“Imaginemos que Monzó ya tiene pactado ofrecer en el futuro cercano diputados hoy oficialistas que le responden para falicitarle el quorum y las votaciones en el recinto -al presidente electo- a Alberto Fernández, ¿para qué pagar semejante cargo por anticipado? Además, ni me quiero imaginar lo que será la repartija de espacios entre peronistas y kirchneristas. Cuando no hay un mango para ofrecer, algo que no ocurrió en 2003, la caja que queda para hacer política y distribuir poder es ésa”, señaló un cabalgador premium de peripecias legislativas a Ámbito Financiero.
El cargo del defensor del Pueblo, que representa a los ciudadanos frente al Estado y a privados que prestan servicios públicos, es una insólita vacante que dejó el cristinismo desde 2009, cuando renunció Eduardo Mondino. En su lugar asumió el adjunto Anselmo Sella, cuyo mandato venció a fines de 2013. Durante el macrismo, y luego de varias vueltas, hacia fines de 2017 quedó definida una terna integrada por el cordobés Humberto Roggero, propuesto por el PJ; el economista Jorge Sarghini, impulsado por el oscilante Massa; y el actual defensor del Pueblo porteño, Alejandro Amor. Tras un ramillete de críticas de las organizaciones no gubernamentales y la falta de acuerdo para votar a uno de los tres postulantes, la discusión quedó frenada.
“Nos enteramos hace poco y no dan los tiempos para realizar todo el procedimiento antes del recambio legislativo. Emilio -Monzó- puede llegar a generar los difíciles consensos y tener dos tercios de los votos necesarios en ambas cámaras, pero especuló mucho este año sobre su futuro y ahora es un poco tarde. Además, Diputados no es lo mismo que Senado. Encima, el problema no está acá, sino enfrente. Si no, vayan a preguntar a los peronistas”, manifestaron desde el propio oficialismo a este diario.

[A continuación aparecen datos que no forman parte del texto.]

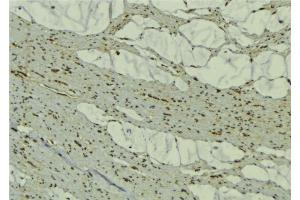 ABIN6277442 at 1/100 staining Mouse muscle tissue by IHC-P. (TRIM63 anticorps  (N-Term))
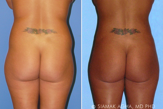 Liposuction before 217837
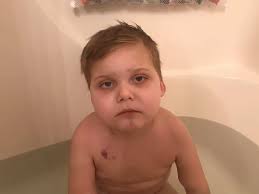 Amy said Gage is done for the day. He has 5 therapy sessions starting at 8  this morning. According to her has been hectic all day . Just enough time  to get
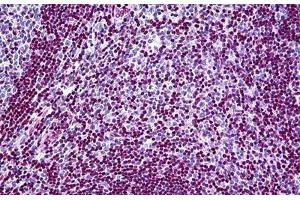 Human Tonsil: Formalin-Fixed, Paraffin-Embedded (FFPE) (MECP2 Antikörper  (AA 81-170))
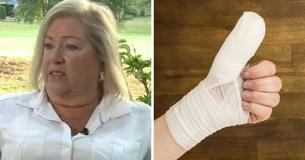 Woman Contracts Flesh-Eating Bacteria And Nearly Loses Arm After Visit To Nail Salon Woman Contracts Flesh-Eating Bacteria And Nearly Loses Arm After Visit To Nail Salon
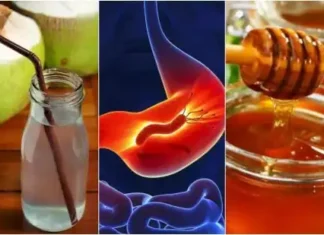 Vindecă-ți gastrita cu aceste 7 remedii naturiste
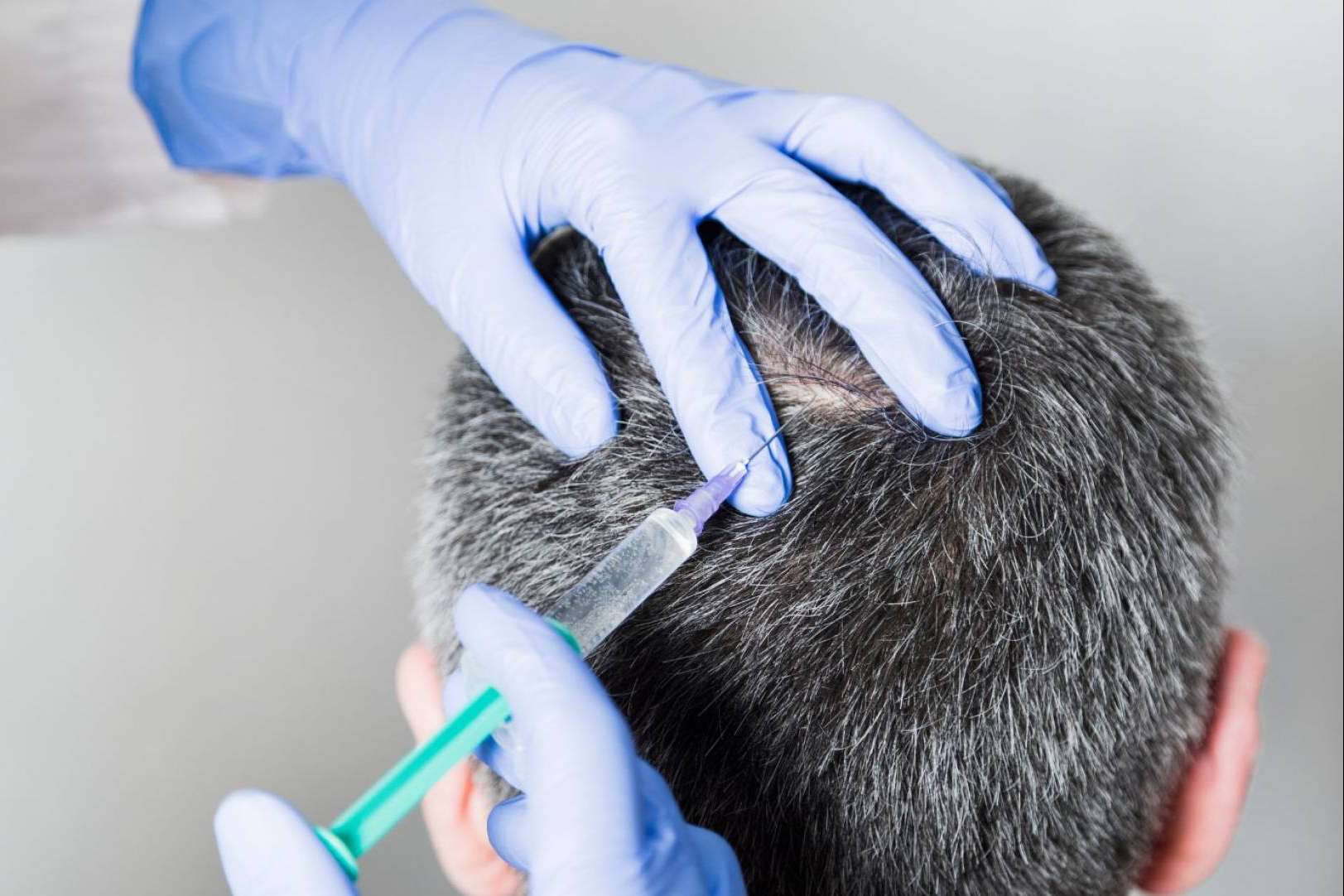Los diferentes tipos de alopecia, por la Clínica Capilar Laura Agrelo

Lo cierto es que la acelerada intención de la dupla Monzó-Massa por la Defensoría del Pueblo -un fastuoso espacio y beneficios dignos de un ministerio- choca con la idea política de enlazar este cargo a otras designaciones, como puestos en la Auditoría General de la Nación o el futuro jefe de la procuración penitenciaria. A todo esto debe sumarse que el PJ y los kirchneristas dejaron sin votar más de 100 pliegos judiciales y el cargo del procurador general de la Nación. Golosinas en una bolsa que será tajeada a diestra y siniestra por el próxima gestión.
Con respecto a la bicameral, el último recuerdo de funcionamiento exitoso ocurrió entre 2016 y 2017 bajo la presidencia de la senadora Marta Varela (PRO), quien pudo avanzar con la más que demorada integración del Comité contra la Tortura, que entre sus principales funciones se encuentra la de monitorear los lugares de detención y la defensa de los derechos de las personas privadas de su libertad. La historia de este comité comenzó en 2002, cuando el país participó del proceso por el que se adoptó el Protocolo Facultativo de la Convención contra la Tortura y otros Tratos o Penas Crueles, Inhumanos o Degradantes de Naciones Unidas.
Argentina fue el sexto país en ratificarlo, el 15 de noviembre de 2004, aunque el protocolo facultativo entró en vigor el 22 de junio de 2006. Recién a fines de 2012 -cada país debía generar su propio mecanismo- el Congreso, entonces con cómoda mayoría kirchnerista en ambas cámaras, sancionó la creación del “Sistema Nacional de Prevención de la Tortura y Otros Tratos o Penas Crueles, Inhumanos o Degradantes”, ley que se reglamentó el 7 de enero de 2013. A partir de allí, el Frente para la Victoria cajoneó la instrumentación. En el entonces Senado K, uno de los principales defensores fue el actual diputado nacional cristichavista Daniel Filmus, recordada espada del Memorando de entendimiento entre la Argentina e Irán.